8 ½” Section Preparation checklist
- Drilling Engineer is to organise pre-section meetings at the rig site, with rig and office personnel to discuss section objectives and hazards.
- Confirm primary and contingency bits (including milled tooth and insert tri-cone) are available on location.
- Confirm hydraulics and bit nozzle requirements with Operations Engineer and dress bit accordingly.
- Gauge all stabilizers and check connections of all BHA components. Prior to RIH, the Drilling contractor will provide an accurate BHA report including serial numbers and dimensions of all the components.
- Confirm that any activation balls/darts (e.g. for PBL circulating subs and drop-in dart subs) are the correct size and will pass through all BHA components and DP crossovers.
- Activation balls/darts should be kept in an obvious place in the dog house.
- Non ported float valves to be used.
- The Directional Driller and LWD Engineer will discuss with Tool pusher how best to pick up BHA to minimise excessive handling and time. The BHA components should be laid out on the catwalk and numbered in order of pick up.
- The bend on the steerable motor and the tool face offset must be verified by the DD, MWD Engineers and the Drilling Supervisor. The tool face offset must correctly entered into the MWD computer and a hard copy passed to the drilling supervisor.
- If using a steerable motor ensure a Turboback stabiliser is also run.
- Ensure all the technical specifications and dimensions (i.e. checklists) of the drilling tools are presented to DSV.
- Ensure the following information is available in the doghouse: Jar settings, weights (in air and mud) of the BHA and maximum pull. Note that the pull to activate the jars will be higher once the BHA is in the kick-off and tangent section.
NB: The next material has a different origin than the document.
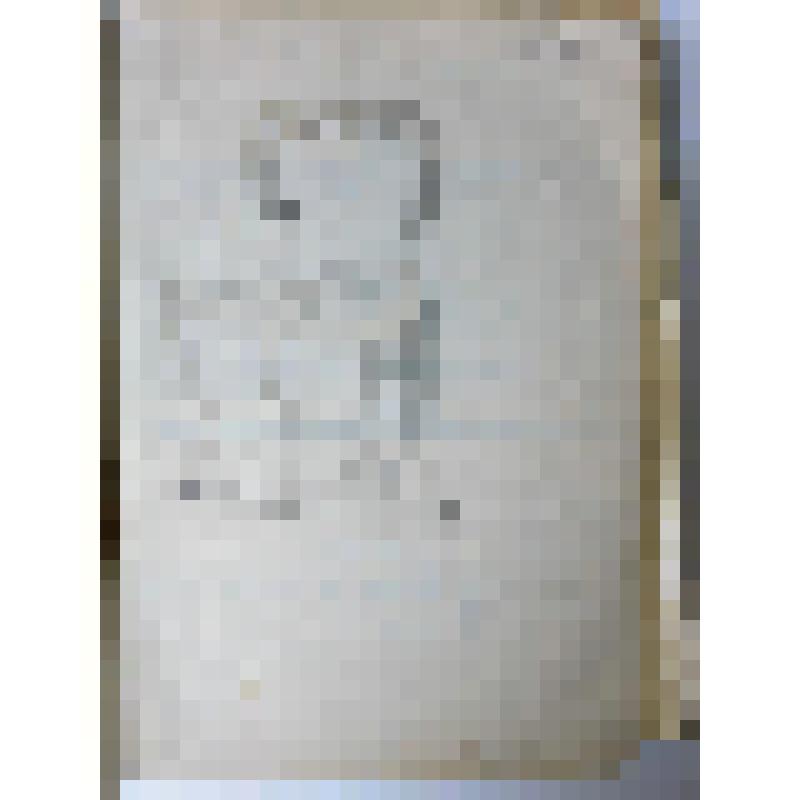 Альбом с проектными чертежами, с эскизами, зарисовками архитектурных памятников и деталей, произведений скульптуры и декоративно-прикладного искусства, пейзажными зарисовками, тематическими рисунками исторического жанра и по мотивам воспоминаний детства и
- Liners size must be optimized for flow rates and pressures.
- Wash pipe seals should be changed.
- The instructions describing the well shut-in procedures will be posted in the dog house, drilling supervisor and tool pusher’s offices.
- The following information is available in the doghouse, drilling supervisor and tool pusher’s offices: FIT, LOT, MAASP, casing burst pressures, Well Control datasheet.
- Mud Loggers to ensure that all ditch magnets are cleaned and re-installed in the header box. Metal recovered should be reported daily, as ‘metal recovered (grams) per total revs and reported in the DDR.
- Mud Loggers to check and calibrate all sensors (gas, pit volume, pump stroke, torque, WOB, rpm etc).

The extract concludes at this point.